Plusieurs intellectuels se sont penchés sur la question de la limitation du vote des personnes âgées. Si quelques-uns, comme Douglas Stewart, estiment qu’il faut le retirer à un certain âge (celui de la retraite, par exemple, pour Stewart), la majorité d’entre eux plaident plutôt pour mettre en place une pondération : plus vous avancez en âge, moins votre vote a de poids. Pour le politologue suisse Silvano Möckli, cité par Andrei Poama, cela permettrait d’"éviter que certains groupes d’âge en dominent d’autres".

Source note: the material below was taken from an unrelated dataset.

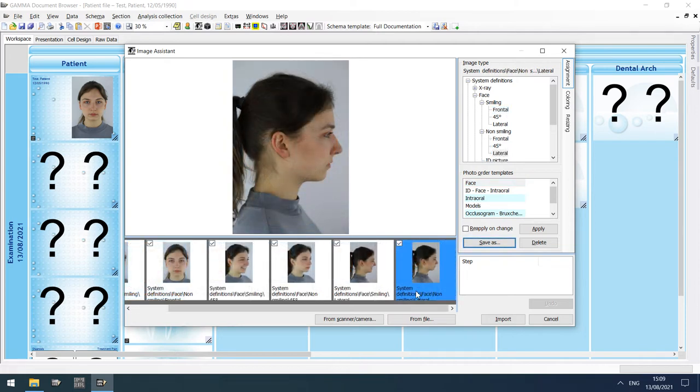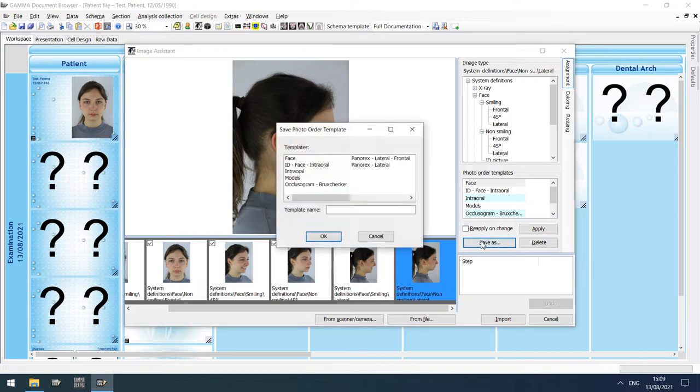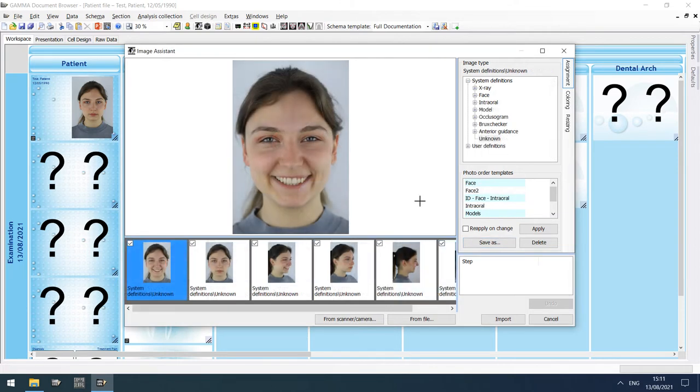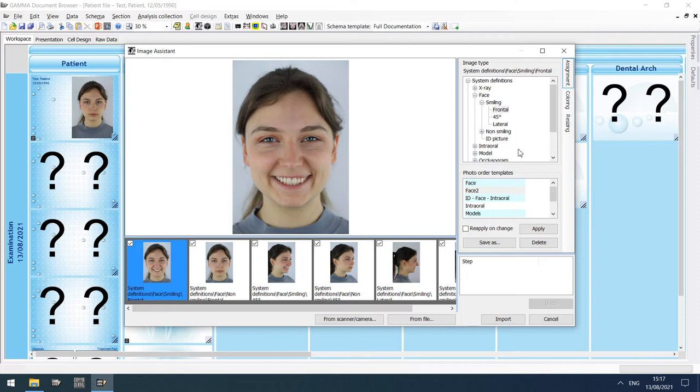If you find that the sequence of image types is the same for every patient case, you can save it as a photo order template to simplify the assignment in the future. To apply a previously saved template, simply select it in the list and click Apply. The image assistant also provides basic image editing capabilities.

"On doit aider l’égalité réelle à se manifester car aujourd’hui elle est théorique. Or, l’égalité théorique du vote ne suffit pas à faire une démocratie"

Frédéric Monlouis-Félicité, défenseur du vote pondéré en fonction de l'âge

à franceinfo

Ainsi, chacun pourrait peser en fonction du temps durant lequel il connaîtra les conséquences de son vote. "Les décisions que vous prenez à 18 ans pèsent plus longtemps qu’à 80 ans. Si on prend les questions climatiques, à long terme les personnes âgées ne seront pas autant confrontées que les jeunes", explique Julien Damon, qui n’est pas favorable à un retrait du droit de vote passé un certain âge mais s’intéresse à l’ouverture du vote à 16 ans. Dans cette lignée, le philosophe britannique William MacAskill, cité par Andrei Poama, estime que la pondération pourrait corriger les "conséquences négatives" des "préférences temporelles à court terme" des personnes âgées. C'est aussi ce concept d’héritage et de justice intergénérationnelle que défend le philosophe belge Philippe Van Parijs. "Il s’agit pour chaque génération de s’assurer que la situation socio-économique de la suivante n’est pas pire que la sienne."

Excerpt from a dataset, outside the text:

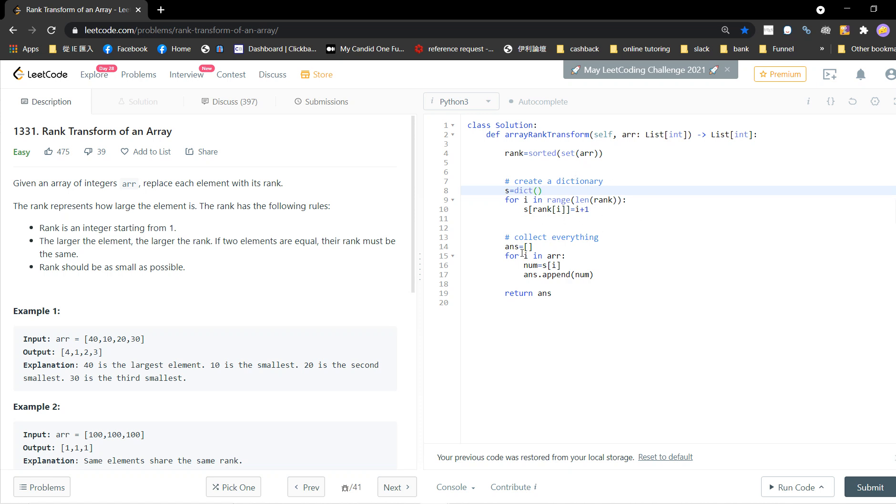Then I go back to the original array and iterate through it, assigning ranks. S is the rank dictionary. For each element, I take s[num], which gives the rank. I append the rank and return the answer. That's it.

Le concept de "un futur, un vote"

Andrei Poama, qui a lancé une plateforme de recherches sur le sujet, y voit donc la possibilité de considérer le vote d’une manière différente. "Avec ce système, on passerait de ‘une personne, un vote’ à ‘un futur, un vote’." Cela reviendrait à un changement total dans la conception du citoyen. "Ce n’est plus le concept de personne (…) qui compte mais l’espérance de vie et l’intérêt égal de chacun." Pour Frédéric Monlouis-Félicité, ardent défenseur du vote pondéré, ce changement de paradigme créerait "un choc de citoyenneté pour remettre en marche l’ascenseur social" et ainsi briser le cercle vicieux de l’abstention des jeunes. En accordant plus de poids à leur vote, les candidats seraient donc contraints de leur faire de vraies propositions politiques. "Il faut leur proposer un programme, pas juste adopter leurs codes comme certains candidats l’ont fait", confirme Julien Damon.

"Que les partisans de cette théorie le démontrent empiriquement", défie Bruno Cautrès, pointant du doigt le manque d’études à ce sujet. Pour le politologue, la mécanique de participation n’est pas aussi simple. "Il faut plutôt des politiques de long terme", abonde Jérémie Moualek, qui pointe par ailleurs du doigt le risque de déséquilibre que pourrait créer une pondération du vote en fonction de l’âge. "L’abstention est plutôt à penser en termes d’exclusion. Si on limite le vote des personnes âgées, on risque donc de les exclure et de créer un déséquilibre dans l’autre sens."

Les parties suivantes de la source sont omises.